Please take a look at io.weight. This can follow the same convention to
express both global and per-device weights.

drm.period_us
An integer representing the period with which the controller should look
at the GPU usage by the group and potentially send the over/under budget
signal.
Value of zero (defaul) disables the soft limit checking.

Can we not do period_us or at least make it a per-driver tuning parameter
exposed as module param? Weight, users can easily understand and configure.
period_us is a lot more an implementation detail. If we want to express the
trade-off between latency and bandwidth at the interface, we prolly should
encode the latency requirement in a more canonical way but let's leave that
for the future.

Yes agreed - for the moment (while RFC) it is handy for me to have it controllable per group. But I agree a kernel global (modparam) should be sufficient in the final solution.


drm.budget_supported
One of:
1) 'yes' - when all DRM clients in the group support the functionality.
2) 'no' - when at least one of the DRM clients does not support the
functionality.
3) 'n/a' - when there are no DRM clients in the group.

Yeah, I'm not sure about this. This isn't a per-cgroup property to begin
with and I'm not sure 'no' meaning at least one device not supporting is
intuitive. The distinction between 'no' and 'n/a' is kinda weird too. Please
drop this.

The idea actually is for this to be per-cgroup and potentially change dynamically. It implements the concept of "observability", how I have, perhaps clumsily, named it.

This is because we can have a mix of DRM file descriptors in a cgroup, not all of which support the proposed functionality. So I wanted to have something by which the administrator can observe the status of the group.

For instance seeing some clients do not support the feature could be signal that things have been misconfigured, or that appeal needs to be made for driver X to start supporting the feature. Seeing a "no" there in other words is a signal that budgeting may not really work as expected and needs to be investigated.

Another basic interface question. Is everyone happy with the drm prefix or
should it be something like gpu? Also, in the future, if there's a consensus
around how to control gpu memory, what prefix would that take?
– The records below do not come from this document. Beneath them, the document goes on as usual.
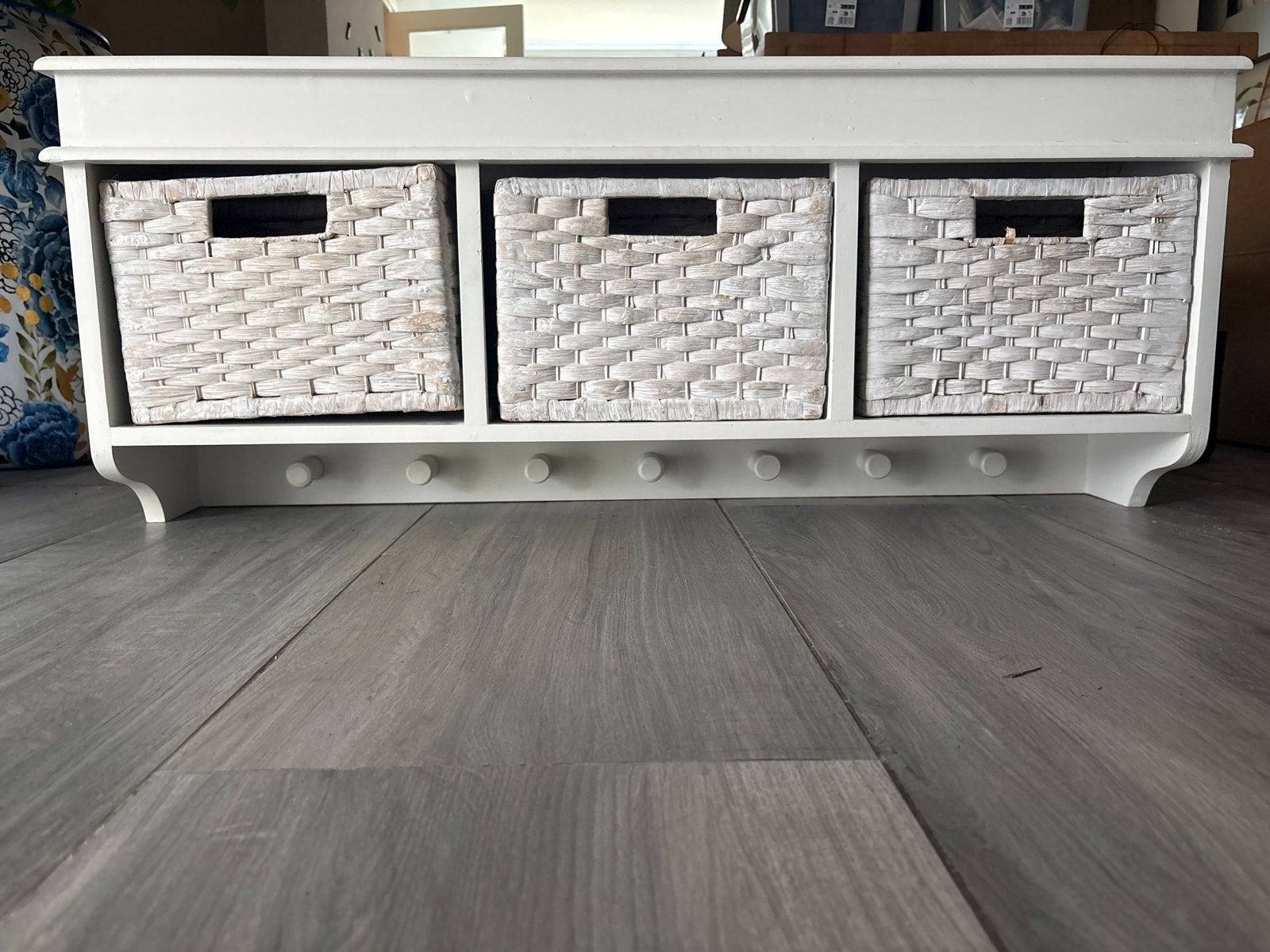 Witte wandkapstok met opbergmanden, Huis en Inrichting, Gebruikt, Minder dan 100 cm, Hout, Ophalen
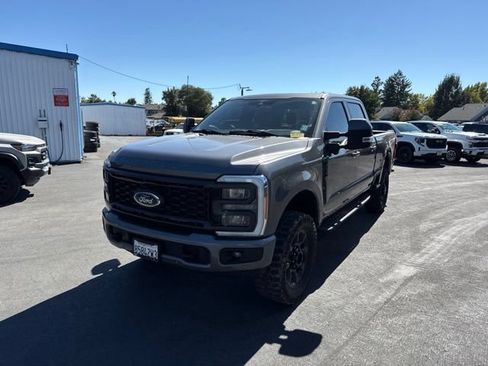 Used 2023 Ford F250 Lariat w/ Lariat Ultimate Package AWD/4WD image 5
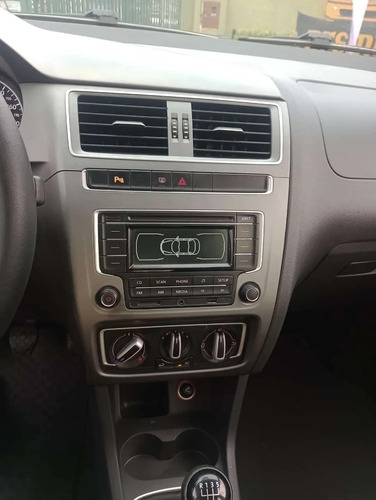 Volkswagen Fox 1.0 MPI COMFORTLINE 12V FLEX 4P MANUAL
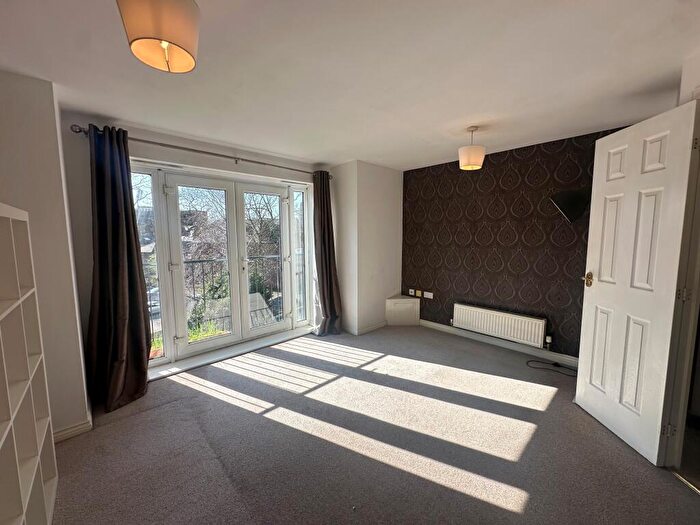 2 Bedroom Apartment To Rent In Montague Road, Manchester, M16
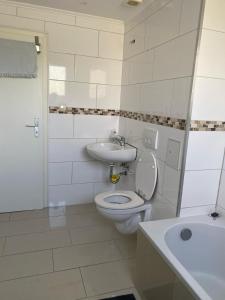 Baño blanco con aseo y lavamanos en A cozy room with brand new furniture, en Frankfurt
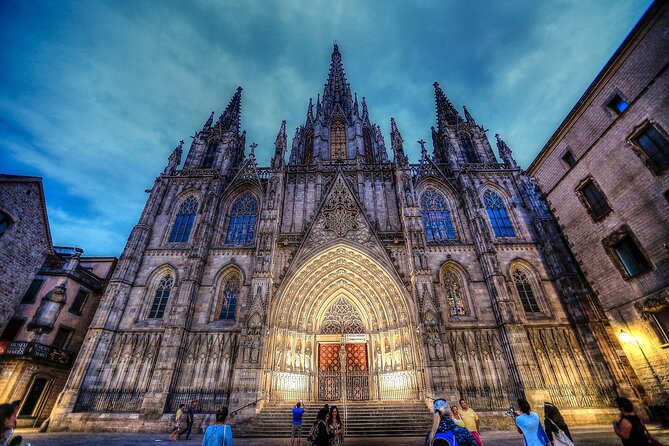 Barcelona Food Tour: Tapas, Drinks and Delights with a Local - Carrer del Regomir brings the classic tapas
Given the current effort to bring in AI/VPU/ML accelerator devices under the DRM umbrella I think drm prefix is okay. At least some of those devices (the ones I looked at) will accept the same concepts of scheduling and memory allocation as well.
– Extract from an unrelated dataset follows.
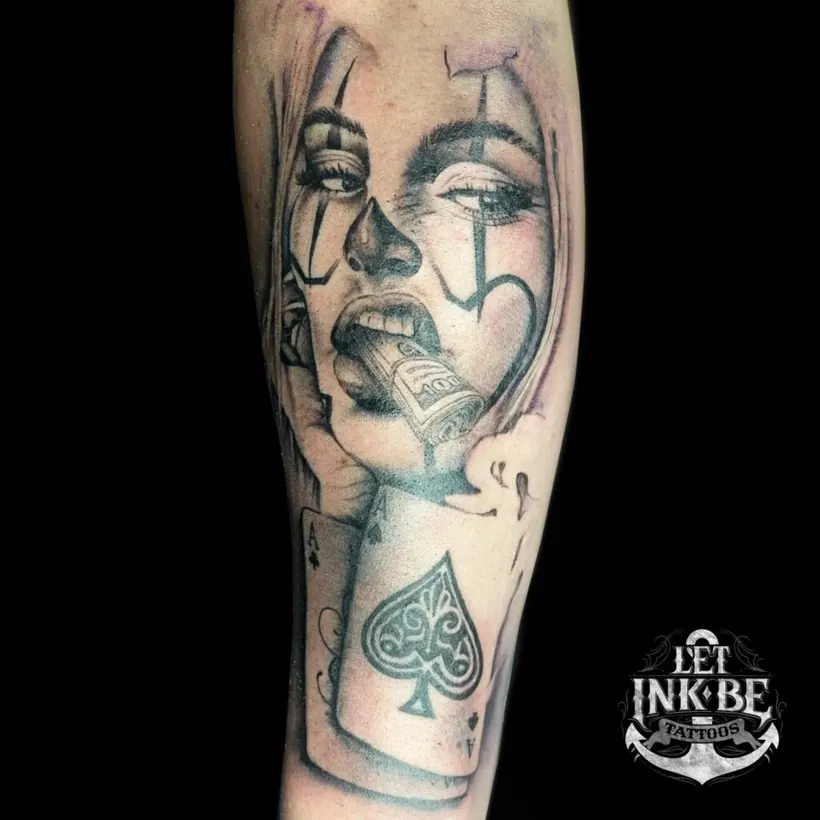 zwart wit tattoo casino sleeve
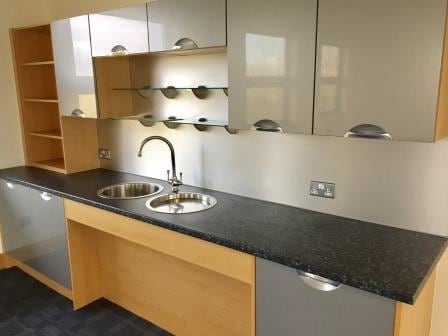 De Havilland Dr, Liverpool for lease - Interior Photo - Image 2 of 3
And for memory specifically, I don't see why the drm prefix would not work.

But yeah, I echo the calls for wider feedback. Given how drm cgroup controller has been on a wish list for ages I have to say I expected a bit more interest. :)

The second proposal is a little bit more advanced in concept and also a little
bit less finished. Interesting thing is that it builds upon the per client GPU
utilisation work which landed recently for a few drivers. So my thinking is that
in principle, an intersect of drivers which support both that and some sort of
priority scheduling control, could also in theory support this.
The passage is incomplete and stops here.